**Task to complete:** Write out exactly the lines from the start of the entries through the one that contains "Menu_Sprout & Co", including both.

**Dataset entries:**
━━━━

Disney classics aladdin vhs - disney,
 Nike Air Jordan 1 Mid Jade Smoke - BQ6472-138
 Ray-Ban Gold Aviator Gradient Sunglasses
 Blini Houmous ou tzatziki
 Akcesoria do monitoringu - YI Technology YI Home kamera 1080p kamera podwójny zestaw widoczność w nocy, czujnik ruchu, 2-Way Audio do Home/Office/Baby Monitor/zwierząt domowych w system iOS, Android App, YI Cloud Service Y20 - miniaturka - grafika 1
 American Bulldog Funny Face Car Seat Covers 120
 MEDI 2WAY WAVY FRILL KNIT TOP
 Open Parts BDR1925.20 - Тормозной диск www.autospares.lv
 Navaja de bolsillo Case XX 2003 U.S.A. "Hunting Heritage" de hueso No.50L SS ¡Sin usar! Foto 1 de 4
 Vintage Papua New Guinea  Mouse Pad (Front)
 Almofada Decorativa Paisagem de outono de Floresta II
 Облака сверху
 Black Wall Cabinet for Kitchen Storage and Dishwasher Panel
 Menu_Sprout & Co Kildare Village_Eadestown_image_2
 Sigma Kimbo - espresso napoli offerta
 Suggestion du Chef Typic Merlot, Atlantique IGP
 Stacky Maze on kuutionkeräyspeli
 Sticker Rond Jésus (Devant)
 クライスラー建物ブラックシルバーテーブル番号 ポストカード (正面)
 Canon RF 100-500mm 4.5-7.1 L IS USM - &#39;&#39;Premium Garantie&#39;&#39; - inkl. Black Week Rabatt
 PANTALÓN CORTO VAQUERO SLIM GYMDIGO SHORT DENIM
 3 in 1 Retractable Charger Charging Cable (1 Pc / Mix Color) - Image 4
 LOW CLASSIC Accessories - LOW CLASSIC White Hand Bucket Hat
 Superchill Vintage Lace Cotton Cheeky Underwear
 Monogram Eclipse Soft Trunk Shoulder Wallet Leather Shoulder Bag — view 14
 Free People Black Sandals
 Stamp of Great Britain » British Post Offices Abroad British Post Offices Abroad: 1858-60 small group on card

━━━━

**Expected answer:**
Disney classics aladdin vhs - disney,
 Nike Air Jordan 1 Mid Jade Smoke - BQ6472-138
 Ray-Ban Gold Aviator Gradient Sunglasses
 Blini Houmous ou tzatziki
 Akcesoria do monitoringu - YI Technology YI Home kamera 1080p kamera podwójny zestaw widoczność w nocy, czujnik ruchu, 2-Way Audio do Home/Office/Baby Monitor/zwierząt domowych w system iOS, Android App, YI Cloud Service Y20 - miniaturka - grafika 1
 American Bulldog Funny Face Car Seat Covers 120
 MEDI 2WAY WAVY FRILL KNIT TOP
 Open Parts BDR1925.20 - Тормозной диск www.autospares.lv
 Navaja de bolsillo Case XX 2003 U.S.A. "Hunting Heritage" de hueso No.50L SS ¡Sin usar! Foto 1 de 4
 Vintage Papua New Guinea  Mouse Pad (Front)
 Almofada Decorativa Paisagem de outono de Floresta II
 Облака сверху
 Black Wall Cabinet for Kitchen Storage and Dishwasher Panel
 Menu_Sprout & Co Kildare Village_Eadestown_image_2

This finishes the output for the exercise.